Qualcuno, però, è già deluso. Il sindaco Valletta, per esempio.
Stamattina ha ricevuto il telegramma del Prefetto: ringrazia per il cortese invito, certo, ma annuncia che non potrà intervenire “per motivi di salute”. In compenso, ha autorizzato l’arrivo di una fanfara reggimentale.
«Sarà comunque una bella cerimonia -pensa il sindaco- ne abbiamo tutti bisogno».
Ne ha bisogno soprattutto lui. Vive un periodo molto difficile. E’ dal 1923 che il contrasto con la sezione valvese del Fascio è diventato un caso politico a livello provinciale. In paese c’è tensione, nemmeno la realizzazione del monumento è riuscita a pacificare del tutto Valva.
Don Antonio Cappetta, invece, è emozionato.
Pensa all’arrivo dell’ospite d’onore, al momento in cui gli stringerà la mano, alle parole che vorrebbe dirgli. E nel frattempo, mentre tutta Valva si prepara al grande giorno, lui ripassa nella mente ciò che dirà all’oratore.
L’oratore ufficiale
Chiamato dal Generale Cadorna nel giugno 1915, Semeria ha abbandonato le sue precedenti posizioni pacifiste e ha collaborato attivamente alla macchina bellica.
| Ritratto di padre Giovanni Semeria; fonte |
Svolge un’intensa attività oratoria, promuovendo tra i
soldati le ragioni patriottico-religiose della guerra. È un
vulcano di iniziative: organizza conferenze, lotterie, gare di poesia per
sollevare il morale.
| Padre Semeria organizza una lotteria al fronte; fonte |
In un suo articolo scrive:
«È dolce ed è bello - è una morte estetica questa del soldato. La morte nel letto è prosaica, è volgare: la morte nel campo è poetica, è sublime. Il sangue purpureo non macchia, come il pus delle malattie. L’atto di cogliere quasi al volo la morte è più nobile di chi se ne lascia volgarmente sorprendere, schiacciare. L’inno funebre che si leva spontaneo da ogni letto di morte si trasforma davanti a questa morte bella per il suo eroismo in un inno, poema trionfale. Ha più l’aria di essere entrato nella immortalità il guerriero sacrificatosi per la patria che di essere partito dalla terra, che di avere perduta la vita.

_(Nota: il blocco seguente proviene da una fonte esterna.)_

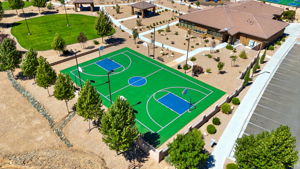SpurCrossClubhouse(16)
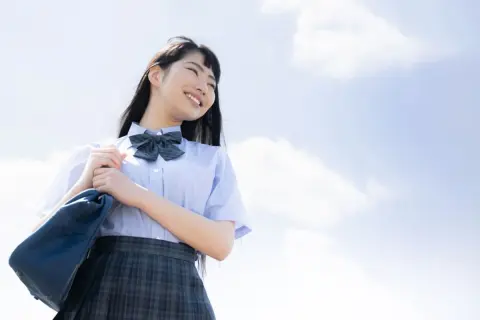 【2026年度】高校無償化「590万・910万円の壁」が撤廃！ わが家は「世帯年収950万円」で“ギリギリ対象外”でしたが、いくら支援を受けられますか？ 公立・私立で確認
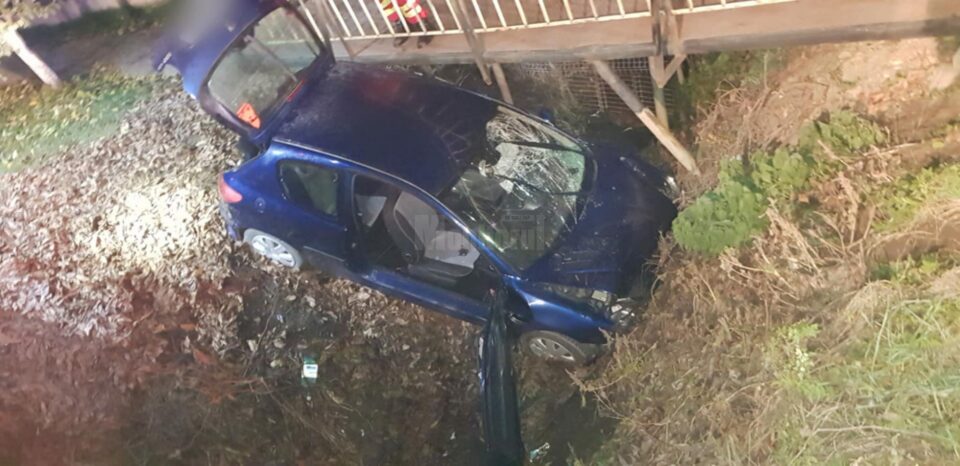 Tanarul era in stare avansata de ebrietate si nu are permis de conducere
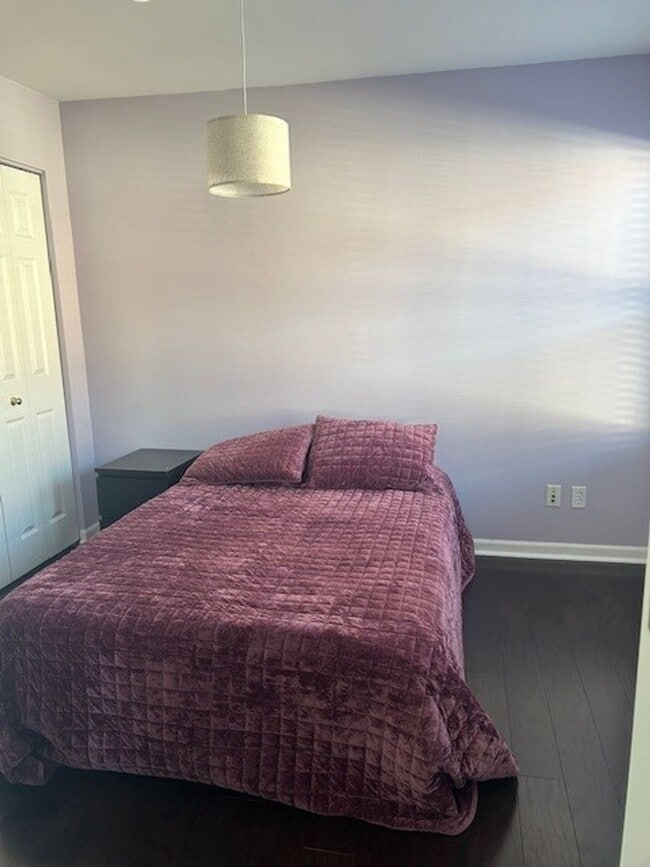 Building Photo - 2 Bedroom Harbor Park Condo - Just Blocks From the Lake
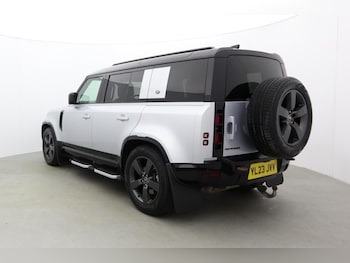 Used Land Rover Defender 2023 for sale - 78236129: Photo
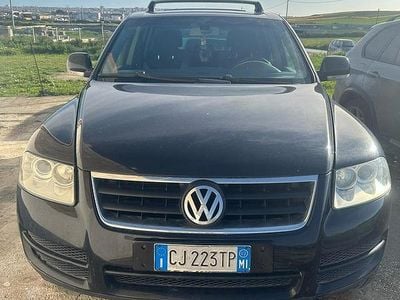 Usata VW Touareg 174 CV (127 kW) 2003 Nero SUV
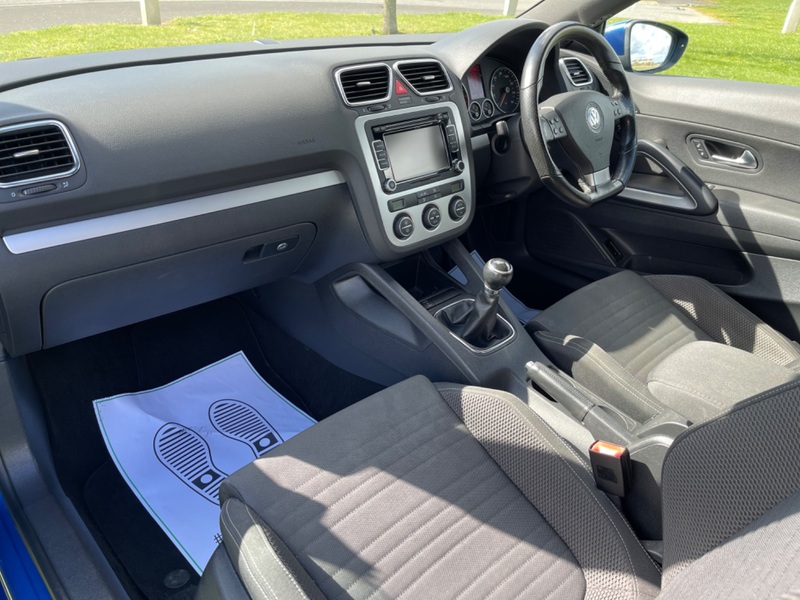 VOLKSWAGEN SCIROCCO
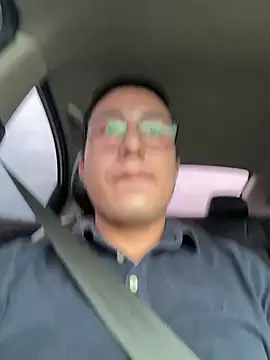 andrewmhilton  online show from 15, 4, 2026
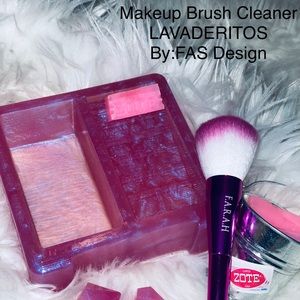 LAVADERITOS!! Makeup brush cleaner!!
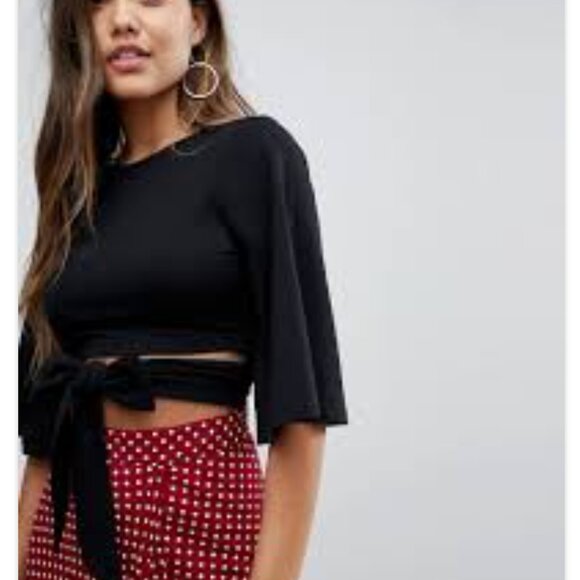 Fashion Union Tops - NWT Fashion Union Tie Knot Crop Top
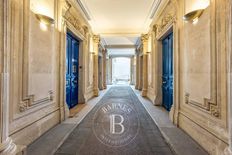 Appartamento di prestigio di 42 m² in vendita Champs-Elysées, Madeleine, Triangle d’or, Francia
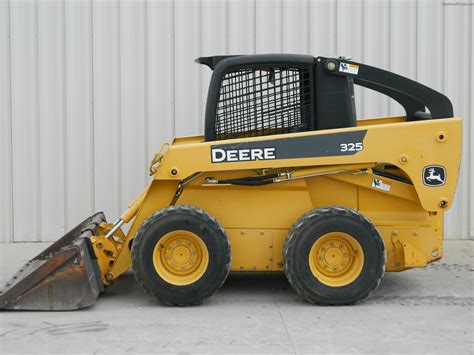 325 jd skid steer specs|john deere 325 specifications.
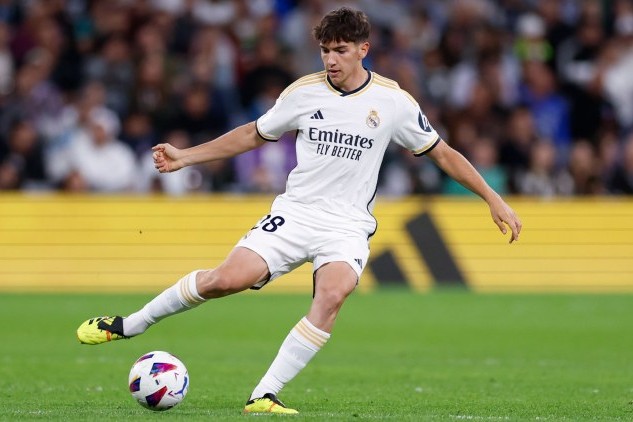 "Real" 21 yaşlı futbolçusunu icarəyə verdi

Il Cristianesimo, che non rinnega in ciò che ha di spontaneamente nobile la natura umana, il Cristianesimo, che non soffoca l’amor di patria, ammette la bellezza e la gioia del sacrificio compiuto per la difesa e il buon diritto di Lei. Anche su cristiane labbra, anche lungo i cristiani secoli echeggia il grido dulce et decorum est pro patria mori».1
Padre Semeria parla ai soldati; fonte |
La crisi interiore e la rinascita operosa
Non è stato semplice. Ha rischiato il baratro, ha vissuto il tracollo.
Nel novembre 1915 ha avuto un esaurimento nervoso. Il Generale Cadorna, che lo stima, ha detto di lui: “da un lato deve predicare la guerra e dall’altro è inorridito dagli orrori della guerra”.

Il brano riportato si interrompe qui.